"Your natural hair color first determines where to start when you're choosing your desired shade," says celebrity colorist Sharon Dorram, who has worked with Julia Roberts, Kate Hudson, and Nicole Kidman. People with warmer base tones, like Emma Stone, who is a natural blond, can take on different colors than someone with a cooler starting hue. Ask your hairstylist, who will be more attuned to identifying nuanced tones.
2. Be Realistic
Rome wasn't built in a day—and drastic hair color can't be achieved overnight, either. "The more pronounced the change you attempt, the more likely the results will be brassy, ashy or just plain disappointing," says celebrity colorist Kelly Van Gogh. A subtle shift, on the other hand, like Camilla Belle's lift from rich brunet to spicy cinnamon, is completely attainable.
3. Buy More Than You Need
"Depending on the length and thickness of your hair, you should always buy a few boxes of dye," Dorram advises.
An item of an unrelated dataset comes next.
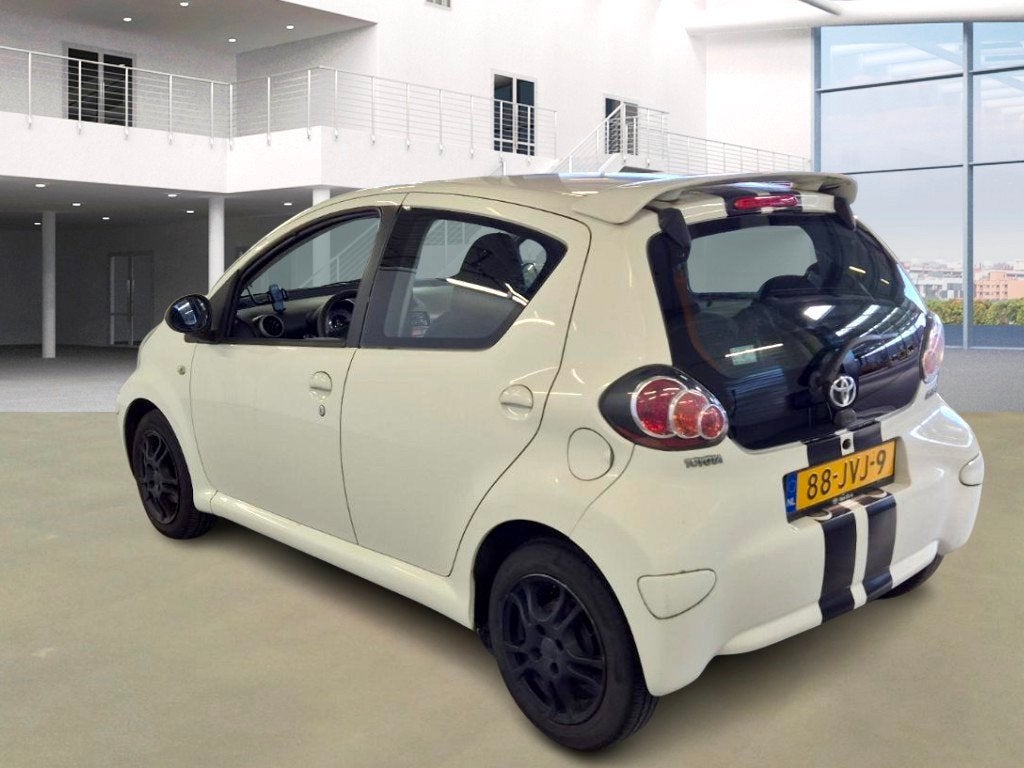 Foto 4 van Toyota Aygo 1.0 NAP 5D Airco Nieuwe APK Elek.ramen Velgen 1e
Someone with below-the-chest strands, like Miley Cyrus, may require three boxes to get full coverage. "It's better to have too much hair dye, than to realize you need more halfway through," she says.
4. Find the Right Formula
Foam dyes like John Frieda's Precision Foam Colour (left) are best for women with sensitive skin, since the mousse-like formulas won't drip onto the face or hairline. According to cosmetics chemist Ni'Kita Wilson, women with thick or curly hair will have better luck with gel or liquid formulas, like Kelly Van Gogh's Master Blend (center) and the L'Oreal Excellence Creme (right), which provide full coverage and distribute efficiently throughout the hair.
5. Steer Clear of the Pool
Chlorine strips away the hair cuticle, allowing minerals in the water to get into the hair shaft and alter your color. Rather than diving in, sit pretty poolside, like Whitney Port, for at least two weeks before and after dyeing your hair.
6. Buy a Shade Lighter than You Want
Take it from Rihanna's colorist Ursula Stephens, who knows a thing or two about fine-tuning tresses: Hair dye always comes out darker than the image on the box. "Buy one or two shades lighter than your desired color," she advises. "It is easier to amp up a color's intensity than it is to tone it down."
7. Skip the Shower
"The scalp's natural oils work as a buffer to prevent irritation," says colorist James Corbett of the James Corbett Studio in New York City. Translation? Dirty hair is ideal for dyeing. "It's also much easier to section second day hair, which ensures even color distribution." He suggests skipping the shampoo a day before you plan to color—and we suggest sporting a cute baseball hat like Minka Kelly's to sweep back unwashed strands.
8. Swap Your Shampoos
Certain shampoos, like clarifying or dandruff-fighting formulas, can strip away hair color with sulfates and harsh chemicals. Get a color preserving shampoo, which is more gentle. We like the Joico K-Pak Color Therapy shampoo and conditioner, which forms a lightweight, protective shield over the hair shaft—and smells great.
9. Prepare for the Damage
Hair always gets a little damaged when applying color, even if you're going back to your natural hue. Both permanent and semi-permanent dyes contain hydrogen peroxide, which chemically changes the color of the hair pigment. Celebrity colorist Tracey Cunningham recommends using the Redken Real Control Intense Renewal Mask at least once a week to moisturize dry hair and restore shine. The mask aids in repairing damaged hair and fortifying strands so they resist further breakage.
10. Don't Dye After 7 PM
Most brands list a 1-800 number on the box that will connect you to a real life hair color expert. However, most of these hotlines close at 7 PM EST on weekdays, and are closed on weekends. Dye during business hours. That way, help is only a phone call away.